Exercise brief | Start at the line that contains "Miguel Torres. Cordillera" in the listing below and extract every line through the last, exactly; leave pictures out.

Collected material |
──────────────────────────────
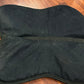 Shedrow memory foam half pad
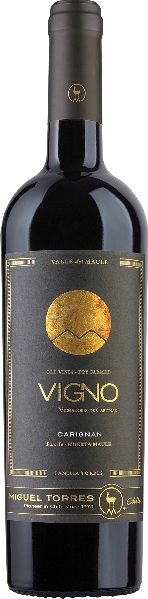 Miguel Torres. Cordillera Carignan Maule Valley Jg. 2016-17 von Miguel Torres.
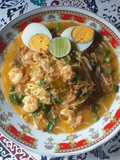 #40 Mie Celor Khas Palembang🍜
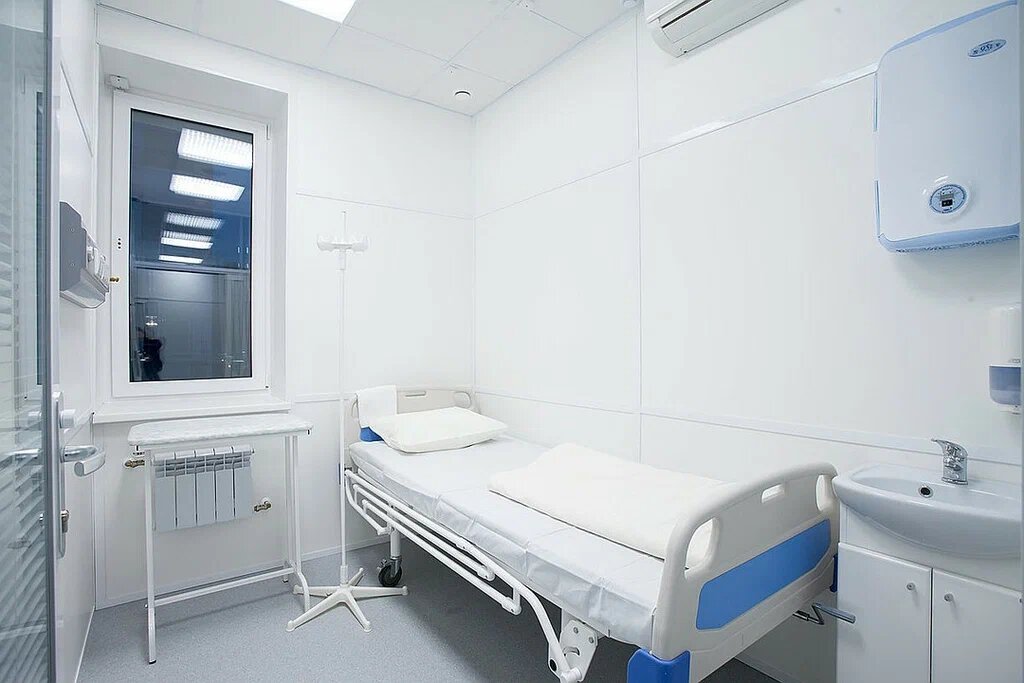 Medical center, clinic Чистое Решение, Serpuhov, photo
──────────────────────────────
Exercise answer |
 Miguel Torres. Cordillera Carignan Maule Valley Jg. 2016-17 von Miguel Torres.
 #40 Mie Celor Khas Palembang🍜
 Medical center, clinic Чистое Решение, Serpuhov, photo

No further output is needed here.